The non-x86 growth is largely being fueled by high demand for Nvidia Blackwell chips, Fernandez explained, as well as moves by the Chinese government to support local manufacturers such as Huawei, which is now one of the main suppliers of ARM processors for the Chinese market.
“We’re thinking the ARM pipeline will continue growing, because the appetite for adopting Blackwell chips that are ARM-based and have GPUs embedded in them is really high,” said Fernandez.
Longer-lasting infrastructure
GPUs that could be embedded in servers became more broadly available in 2024, contributing to the market growth. Most of that inventory has so far been consumed by cloud service providers (CSPs) and large hyperscalers, which means availability will open up for other enterprises in 2025, Fernandez noted.
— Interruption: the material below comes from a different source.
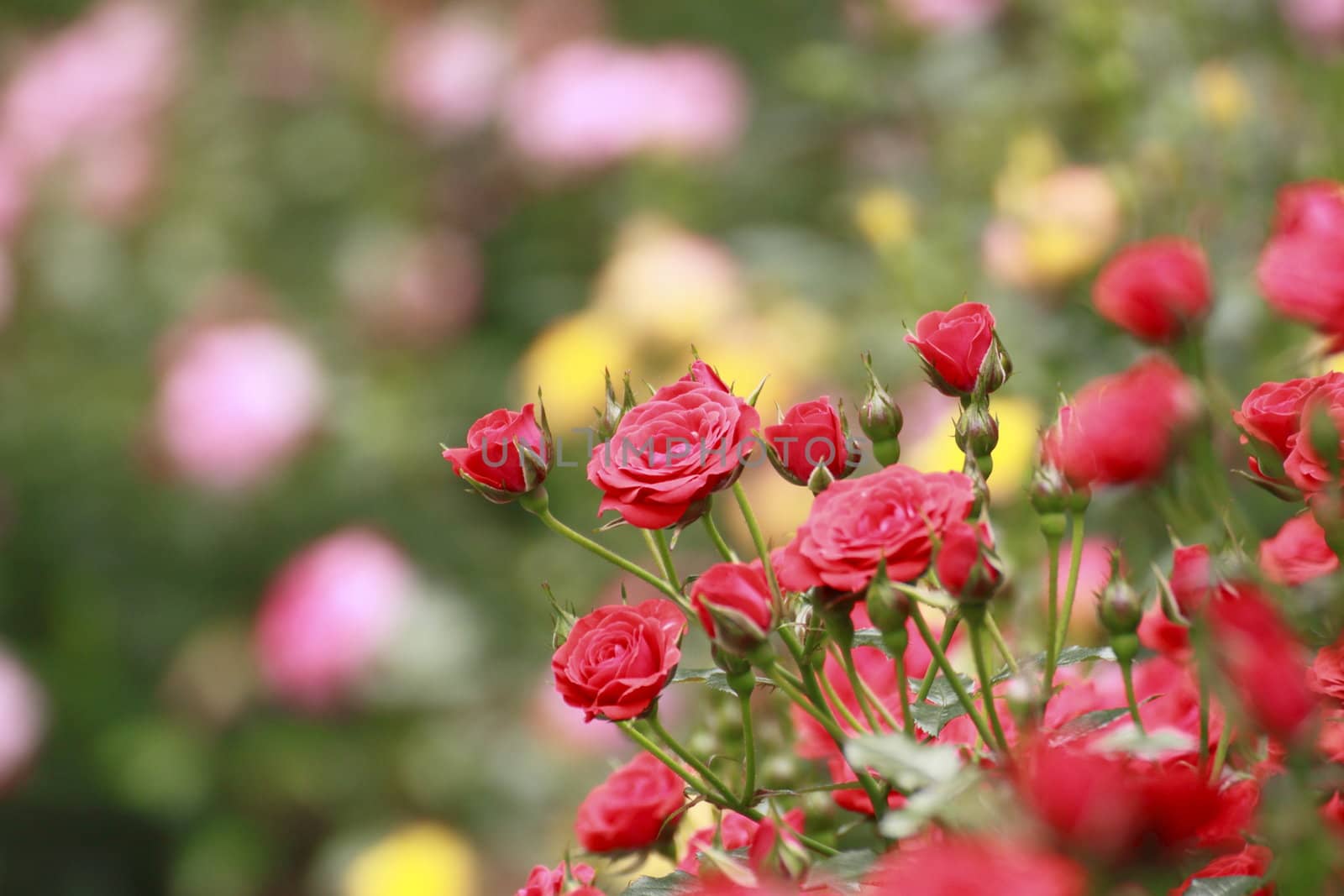 Close up   Beautiful  rose in a garden 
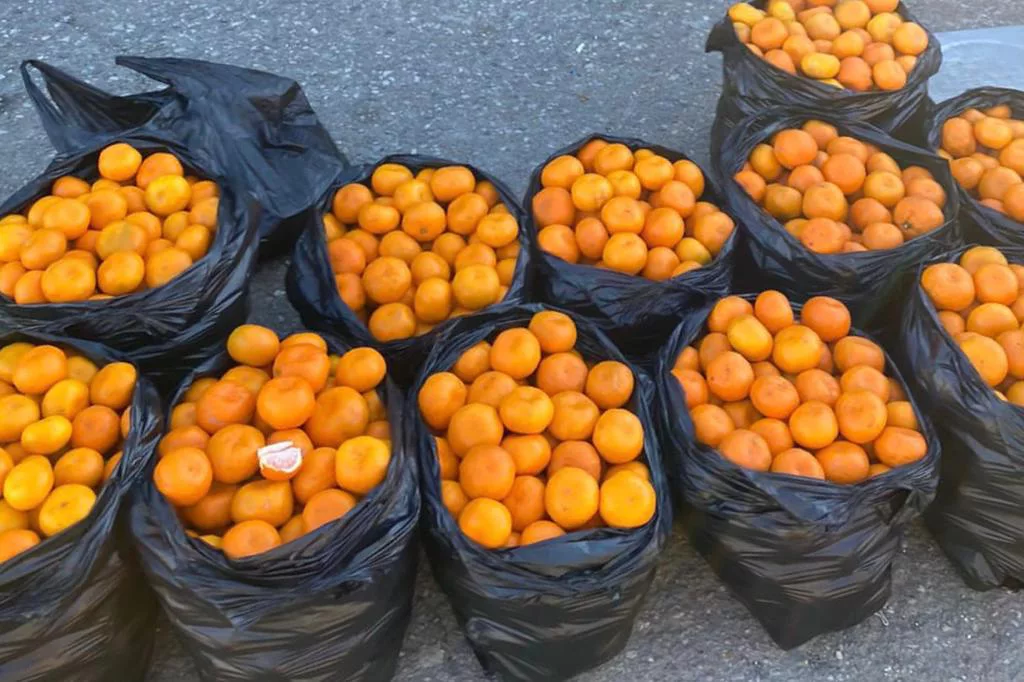 РБК Приморье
“We can probably expect 2025 to be a year of strong investment,” she said, adding that access to supply is “getting much better.”
At the beginning of 2024, the wait time for GPUs was a lengthy 36 weeks. But, she pointed out, “the largest buyers in the world already have their infrastructure, so there’s going to be more availability.”
However, the industry will come to a point where it begins to digest all the infrastructure that’s been acquired, so investment will likely begin to slow in 2026, she said. Enterprises are beginning to move into different phases of AI deployment that don’t require as many resources. Initial model training, for instance, requires a good deal of infrastructure investment up front, but that infrastructure can be repurposed for later inferencing and fine-tuning steps.